### [Required action]
Each record that follows is to be reproduced verbatim.

#####

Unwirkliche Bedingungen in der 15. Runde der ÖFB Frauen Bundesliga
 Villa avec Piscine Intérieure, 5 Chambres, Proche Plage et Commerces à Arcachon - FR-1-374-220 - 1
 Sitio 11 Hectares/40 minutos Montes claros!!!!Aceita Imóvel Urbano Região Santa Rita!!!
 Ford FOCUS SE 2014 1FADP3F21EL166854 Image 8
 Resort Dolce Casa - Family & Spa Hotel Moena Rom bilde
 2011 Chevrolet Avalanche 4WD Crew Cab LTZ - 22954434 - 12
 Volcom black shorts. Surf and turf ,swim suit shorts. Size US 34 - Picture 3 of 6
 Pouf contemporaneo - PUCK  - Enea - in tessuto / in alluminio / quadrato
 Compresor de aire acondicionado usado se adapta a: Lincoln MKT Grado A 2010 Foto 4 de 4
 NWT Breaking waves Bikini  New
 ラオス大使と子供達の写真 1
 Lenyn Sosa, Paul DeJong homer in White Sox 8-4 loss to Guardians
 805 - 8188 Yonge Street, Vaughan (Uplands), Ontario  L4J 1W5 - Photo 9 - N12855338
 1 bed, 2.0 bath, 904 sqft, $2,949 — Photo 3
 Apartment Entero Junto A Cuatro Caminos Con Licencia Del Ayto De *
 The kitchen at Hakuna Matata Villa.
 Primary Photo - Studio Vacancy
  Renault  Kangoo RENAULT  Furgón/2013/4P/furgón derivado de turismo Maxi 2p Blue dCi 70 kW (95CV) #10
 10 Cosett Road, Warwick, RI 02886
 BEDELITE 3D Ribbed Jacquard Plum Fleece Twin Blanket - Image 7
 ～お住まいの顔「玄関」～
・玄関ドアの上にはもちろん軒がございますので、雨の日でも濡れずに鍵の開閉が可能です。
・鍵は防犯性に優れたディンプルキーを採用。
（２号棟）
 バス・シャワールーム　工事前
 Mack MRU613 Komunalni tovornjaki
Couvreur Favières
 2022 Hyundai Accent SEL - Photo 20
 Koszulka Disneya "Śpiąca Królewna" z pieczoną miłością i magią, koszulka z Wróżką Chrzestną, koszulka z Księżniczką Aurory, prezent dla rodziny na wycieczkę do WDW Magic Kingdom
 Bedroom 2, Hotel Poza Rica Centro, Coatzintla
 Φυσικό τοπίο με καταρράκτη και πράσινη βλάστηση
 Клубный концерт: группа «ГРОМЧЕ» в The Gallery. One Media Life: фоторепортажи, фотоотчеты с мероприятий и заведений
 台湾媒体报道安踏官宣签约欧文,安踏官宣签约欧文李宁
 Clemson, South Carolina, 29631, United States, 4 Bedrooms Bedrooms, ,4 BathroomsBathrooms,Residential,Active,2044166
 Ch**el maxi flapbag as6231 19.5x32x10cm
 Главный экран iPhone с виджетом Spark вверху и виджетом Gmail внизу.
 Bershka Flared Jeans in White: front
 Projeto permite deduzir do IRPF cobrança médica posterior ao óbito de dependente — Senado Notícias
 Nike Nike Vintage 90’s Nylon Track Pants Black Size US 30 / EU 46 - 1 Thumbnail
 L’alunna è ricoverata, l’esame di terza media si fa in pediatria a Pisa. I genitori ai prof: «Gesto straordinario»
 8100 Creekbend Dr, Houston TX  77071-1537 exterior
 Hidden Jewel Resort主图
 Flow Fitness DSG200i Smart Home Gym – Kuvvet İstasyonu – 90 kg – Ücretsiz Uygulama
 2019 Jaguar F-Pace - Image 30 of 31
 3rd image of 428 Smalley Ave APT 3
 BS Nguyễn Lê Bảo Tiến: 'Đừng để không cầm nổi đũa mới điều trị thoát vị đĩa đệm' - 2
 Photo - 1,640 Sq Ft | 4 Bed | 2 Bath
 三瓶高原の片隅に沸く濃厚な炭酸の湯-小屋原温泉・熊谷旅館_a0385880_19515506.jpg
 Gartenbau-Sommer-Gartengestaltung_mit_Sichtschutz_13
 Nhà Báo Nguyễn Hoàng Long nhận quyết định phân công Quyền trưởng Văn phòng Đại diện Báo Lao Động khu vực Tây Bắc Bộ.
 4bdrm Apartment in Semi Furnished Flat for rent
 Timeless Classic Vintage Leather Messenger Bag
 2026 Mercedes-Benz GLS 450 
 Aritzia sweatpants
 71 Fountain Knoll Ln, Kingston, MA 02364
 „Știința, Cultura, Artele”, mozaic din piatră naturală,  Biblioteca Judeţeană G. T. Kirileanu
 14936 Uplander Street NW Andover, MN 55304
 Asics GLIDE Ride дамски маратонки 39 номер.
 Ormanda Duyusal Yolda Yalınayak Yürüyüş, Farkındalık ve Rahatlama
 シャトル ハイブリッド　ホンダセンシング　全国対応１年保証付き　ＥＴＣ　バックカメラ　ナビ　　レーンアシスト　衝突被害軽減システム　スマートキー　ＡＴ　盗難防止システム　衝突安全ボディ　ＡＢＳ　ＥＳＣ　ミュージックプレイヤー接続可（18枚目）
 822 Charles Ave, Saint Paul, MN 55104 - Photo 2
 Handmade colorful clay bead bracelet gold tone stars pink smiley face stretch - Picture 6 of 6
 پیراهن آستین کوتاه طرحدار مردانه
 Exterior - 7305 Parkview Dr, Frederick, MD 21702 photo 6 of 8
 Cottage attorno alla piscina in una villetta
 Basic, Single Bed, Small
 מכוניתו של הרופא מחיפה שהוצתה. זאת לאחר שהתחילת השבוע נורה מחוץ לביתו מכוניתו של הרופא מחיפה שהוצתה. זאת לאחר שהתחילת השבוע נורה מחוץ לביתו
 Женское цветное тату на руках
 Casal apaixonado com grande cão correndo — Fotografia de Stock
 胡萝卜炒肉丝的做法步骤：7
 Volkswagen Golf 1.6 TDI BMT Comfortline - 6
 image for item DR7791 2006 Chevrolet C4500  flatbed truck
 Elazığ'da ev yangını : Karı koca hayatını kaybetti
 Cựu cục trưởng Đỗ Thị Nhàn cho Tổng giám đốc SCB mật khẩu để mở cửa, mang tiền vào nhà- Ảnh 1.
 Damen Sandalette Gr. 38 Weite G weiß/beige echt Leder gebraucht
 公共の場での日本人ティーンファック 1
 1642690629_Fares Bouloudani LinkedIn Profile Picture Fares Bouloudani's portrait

#####

### [Finished exercise]
Unwirkliche Bedingungen in der 15. Runde der ÖFB Frauen Bundesliga
 Villa avec Piscine Intérieure, 5 Chambres, Proche Plage et Commerces à Arcachon - FR-1-374-220 - 1
 Sitio 11 Hectares/40 minutos Montes claros!!!!Aceita Imóvel Urbano Região Santa Rita!!!
 Ford FOCUS SE 2014 1FADP3F21EL166854 Image 8
 Resort Dolce Casa - Family & Spa Hotel Moena Rom bilde
 2011 Chevrolet Avalanche 4WD Crew Cab LTZ - 22954434 - 12
 Volcom black shorts. Surf and turf ,swim suit shorts. Size US 34 - Picture 3 of 6
 Pouf contemporaneo - PUCK  - Enea - in tessuto / in alluminio / quadrato
 Compresor de aire acondicionado usado se adapta a: Lincoln MKT Grado A 2010 Foto 4 de 4
 NWT Breaking waves Bikini  New
 ラオス大使と子供達の写真 1
 Lenyn Sosa, Paul DeJong homer in White Sox 8-4 loss to Guardians
 805 - 8188 Yonge Street, Vaughan (Uplands), Ontario  L4J 1W5 - Photo 9 - N12855338
 1 bed, 2.0 bath, 904 sqft, $2,949 — Photo 3
 Apartment Entero Junto A Cuatro Caminos Con Licencia Del Ayto De *
 The kitchen at Hakuna Matata Villa.
 Primary Photo - Studio Vacancy
  Renault  Kangoo RENAULT  Furgón/2013/4P/furgón derivado de turismo Maxi 2p Blue dCi 70 kW (95CV) #10
 10 Cosett Road, Warwick, RI 02886
 BEDELITE 3D Ribbed Jacquard Plum Fleece Twin Blanket - Image 7
 ～お住まいの顔「玄関」～
・玄関ドアの上にはもちろん軒がございますので、雨の日でも濡れずに鍵の開閉が可能です。
・鍵は防犯性に優れたディンプルキーを採用。
（２号棟）
 バス・シャワールーム　工事前
 Mack MRU613 Komunalni tovornjaki
Couvreur Favières
 2022 Hyundai Accent SEL - Photo 20
 Koszulka Disneya "Śpiąca Królewna" z pieczoną miłością i magią, koszulka z Wróżką Chrzestną, koszulka z Księżniczką Aurory, prezent dla rodziny na wycieczkę do WDW Magic Kingdom
 Bedroom 2, Hotel Poza Rica Centro, Coatzintla
 Φυσικό τοπίο με καταρράκτη και πράσινη βλάστηση
 Клубный концерт: группа «ГРОМЧЕ» в The Gallery. One Media Life: фоторепортажи, фотоотчеты с мероприятий и заведений
 台湾媒体报道安踏官宣签约欧文,安踏官宣签约欧文李宁
 Clemson, South Carolina, 29631, United States, 4 Bedrooms Bedrooms, ,4 BathroomsBathrooms,Residential,Active,2044166
 Ch**el maxi flapbag as6231 19.5x32x10cm
 Главный экран iPhone с виджетом Spark вверху и виджетом Gmail внизу.
 Bershka Flared Jeans in White: front
 Projeto permite deduzir do IRPF cobrança médica posterior ao óbito de dependente — Senado Notícias
 Nike Nike Vintage 90’s Nylon Track Pants Black Size US 30 / EU 46 - 1 Thumbnail
 L’alunna è ricoverata, l’esame di terza media si fa in pediatria a Pisa. I genitori ai prof: «Gesto straordinario»
 8100 Creekbend Dr, Houston TX  77071-1537 exterior
 Hidden Jewel Resort主图
 Flow Fitness DSG200i Smart Home Gym – Kuvvet İstasyonu – 90 kg – Ücretsiz Uygulama
 2019 Jaguar F-Pace - Image 30 of 31
 3rd image of 428 Smalley Ave APT 3
 BS Nguyễn Lê Bảo Tiến: 'Đừng để không cầm nổi đũa mới điều trị thoát vị đĩa đệm' - 2
 Photo - 1,640 Sq Ft | 4 Bed | 2 Bath
 三瓶高原の片隅に沸く濃厚な炭酸の湯-小屋原温泉・熊谷旅館_a0385880_19515506.jpg
 Gartenbau-Sommer-Gartengestaltung_mit_Sichtschutz_13
 Nhà Báo Nguyễn Hoàng Long nhận quyết định phân công Quyền trưởng Văn phòng Đại diện Báo Lao Động khu vực Tây Bắc Bộ.
 4bdrm Apartment in Semi Furnished Flat for rent
 Timeless Classic Vintage Leather Messenger Bag
 2026 Mercedes-Benz GLS 450 
 Aritzia sweatpants
 71 Fountain Knoll Ln, Kingston, MA 02364
 „Știința, Cultura, Artele”, mozaic din piatră naturală,  Biblioteca Judeţeană G. T. Kirileanu
 14936 Uplander Street NW Andover, MN 55304
 Asics GLIDE Ride дамски маратонки 39 номер.
 Ormanda Duyusal Yolda Yalınayak Yürüyüş, Farkındalık ve Rahatlama
 シャトル ハイブリッド　ホンダセンシング　全国対応１年保証付き　ＥＴＣ　バックカメラ　ナビ　　レーンアシスト　衝突被害軽減システム　スマートキー　ＡＴ　盗難防止システム　衝突安全ボディ　ＡＢＳ　ＥＳＣ　ミュージックプレイヤー接続可（18枚目）
 822 Charles Ave, Saint Paul, MN 55104 - Photo 2
 Handmade colorful clay bead bracelet gold tone stars pink smiley face stretch - Picture 6 of 6
 پیراهن آستین کوتاه طرحدار مردانه
 Exterior - 7305 Parkview Dr, Frederick, MD 21702 photo 6 of 8
 Cottage attorno alla piscina in una villetta
 Basic, Single Bed, Small
 מכוניתו של הרופא מחיפה שהוצתה. זאת לאחר שהתחילת השבוע נורה מחוץ לביתו מכוניתו של הרופא מחיפה שהוצתה. זאת לאחר שהתחילת השבוע נורה מחוץ לביתו
 Женское цветное тату на руках
 Casal apaixonado com grande cão correndo — Fotografia de Stock
 胡萝卜炒肉丝的做法步骤：7
 Volkswagen Golf 1.6 TDI BMT Comfortline - 6
 image for item DR7791 2006 Chevrolet C4500  flatbed truck
 Elazığ'da ev yangını : Karı koca hayatını kaybetti
 Cựu cục trưởng Đỗ Thị Nhàn cho Tổng giám đốc SCB mật khẩu để mở cửa, mang tiền vào nhà- Ảnh 1.
 Damen Sandalette Gr. 38 Weite G weiß/beige echt Leder gebraucht
 公共の場での日本人ティーンファック 1
 1642690629_Fares Bouloudani LinkedIn Profile Picture Fares Bouloudani's portrait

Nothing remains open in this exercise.